Metiner şunları kaydetti: “Kadim Türk-Kürt kardeşliğini yeniden diriltmeyi amaçlayan, bu anlamda Kürtleri hiçbir şekilde dışlamayan, Kürtler nerede olursa olsun -sadece Türkiye Kürtleri açısından değil, Irak Kürdistanı’nda yaşayan Kürtler için de Suriye’deki Kürtler açısından da- Türklerle Kürtler kollarını birleştirerek güçlü bir tarihsel yolculuğa çıkmasını önemsiyoruz. Derneğimizin kuruluş amacı bu. Bugün de bu çalıştayda, Sayın Cumhurbaşkanımızın ortaya koymuş olduğu ‘Türkiye Yüzyılı’ projesi var. Yeni bir anayasa vaadinde bulunmuştu. Bu anayasa sürecini de hep birlikte inşa etmemiz gerektiğini söylemişti. Biz de bu sürece katkı sunmak istiyoruz. Türkiye Kürtlerinin istekleri, soruları ve talepleri nelerdir, bilelim ve ortaya koyalım. Dolayısıyla yeni anayasa yapım sürecinde Türkiye Kürtleri olarak katkı sunalım. İnşallah bu çalışmaların benzerlerini Diyarbakır ve başka vilayetlerimizde de yaparak, bu çözüm ikliminin yeşermesine katkıda bulunmak istiyoruz.”

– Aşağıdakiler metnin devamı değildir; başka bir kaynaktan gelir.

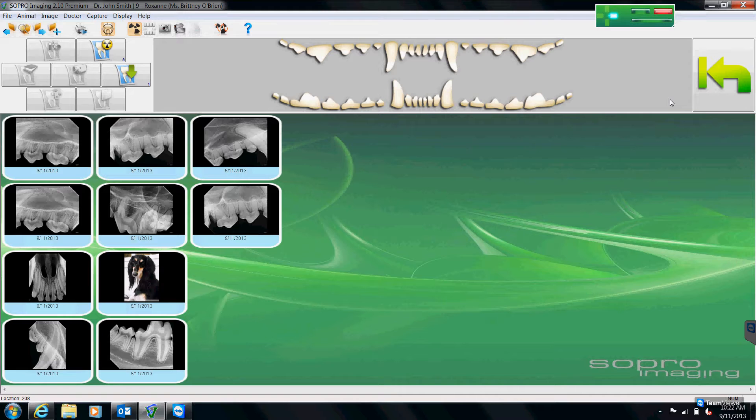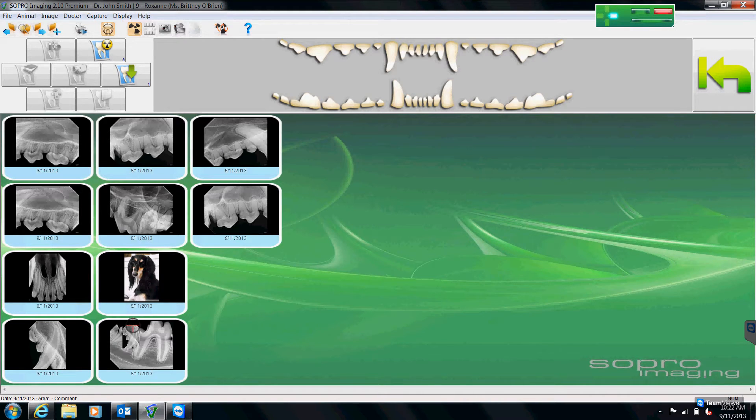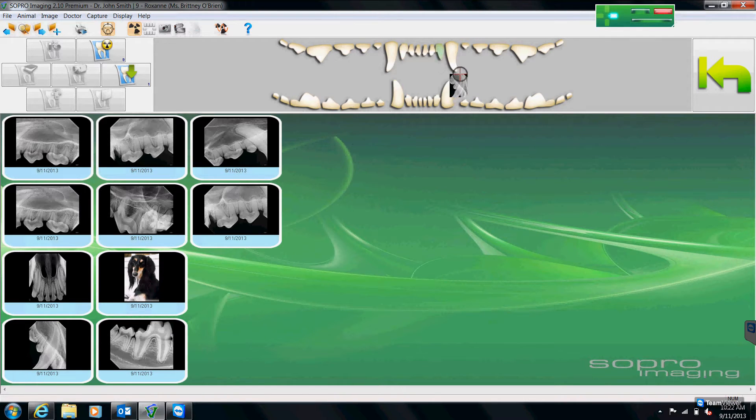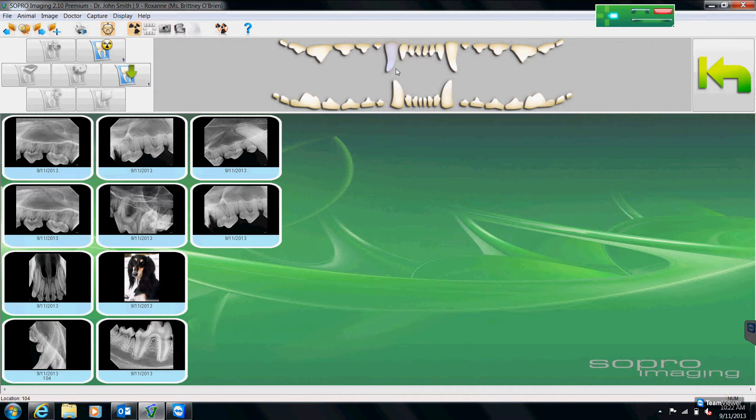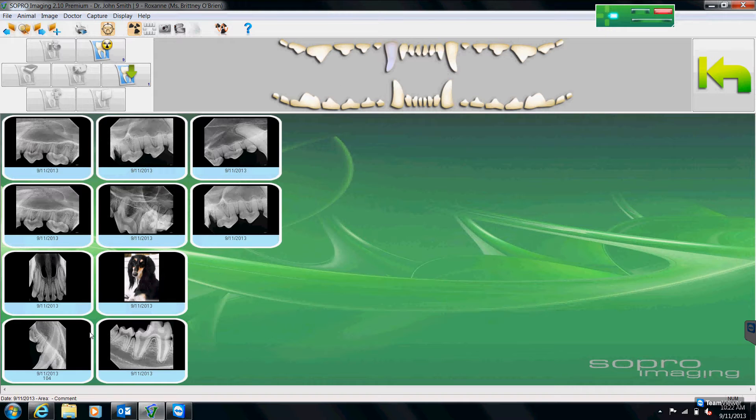The first is that after we shoot all our x-rays, I can literally drag and draw the image onto the correct tooth. And when I do that, you'll see the tooth then turns this bluish gray color and then underneath the image is numbered for us.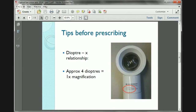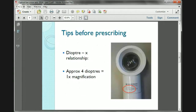Some tips before prescribing a magnifying glass. There's a relationship between how many times magnification a magnifier is and the diopter — we call that a diopter-times relationship. Approximately four diopters equals one times magnification. As you can see, 12.5 times magnification equals 50 diopters, so it's a 4-to-1 ratio.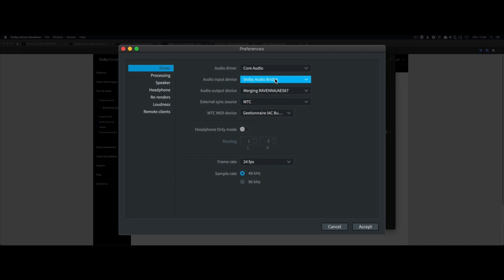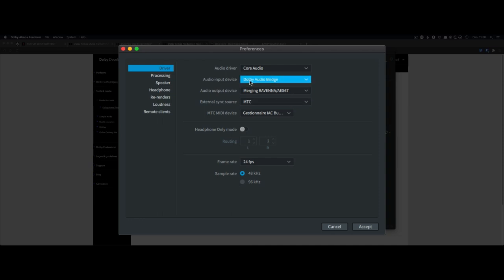The Dolby Atmos renderer is a bit like a tape machine — it's a recording software. Reaper will feed its output into the renderer as input, and the renderer lets you listen through it. When your mix is final, you don't render inside Reaper; you record it through the Dolby Atmos renderer, which generates the final files. This is why it needs an audio input. We'll be using the Dolby Audio Bridge on Mac. The Windows equivalent is in development, but there are limitations that make it quite complicated right now, so for the moment it's Mac only.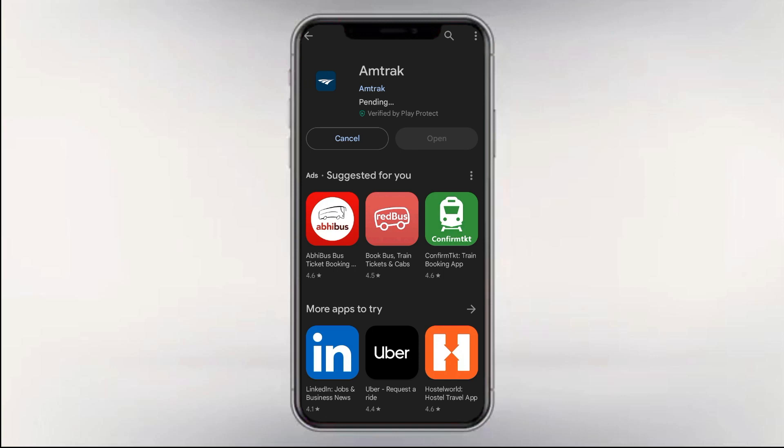You can also do an auto-update of the app if you want, that will keep your app updated always with the latest version and bug-free. For Android users, update Amtrak app from Google Play Store.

Yeni anayasa sürecine de değinen Metiner, şunları vurguladı: “Tabii ki getirilebilir. Kürt’ün Türk’ten daha değersiz olduğunu kim söyleyebilir? Bir yanda demokratik vatandaşlık bir yanda din kardeşliği diyeceksiniz, ama Kürtleri ikinci sınıf vatandaş gibi göreceksiniz. Türklere tanıdığınız hakların neredeyse hiçbirini Kürtlere tanımayacaksınız, bu kabul edilebilir bir şey mi? Ne din bunu kabul eder ne insanlık bunu kabul eder ne de demokrasi anlayışı… Zaten AK Parti iktidarının, Recep Tayyip Erdoğan liderliğinin anlamı burada. Erdoğan liderliğinin bize söylediği şey şudur: Türkiye hepimizin devletidir, bu vatan hepimizin vatanıdır.”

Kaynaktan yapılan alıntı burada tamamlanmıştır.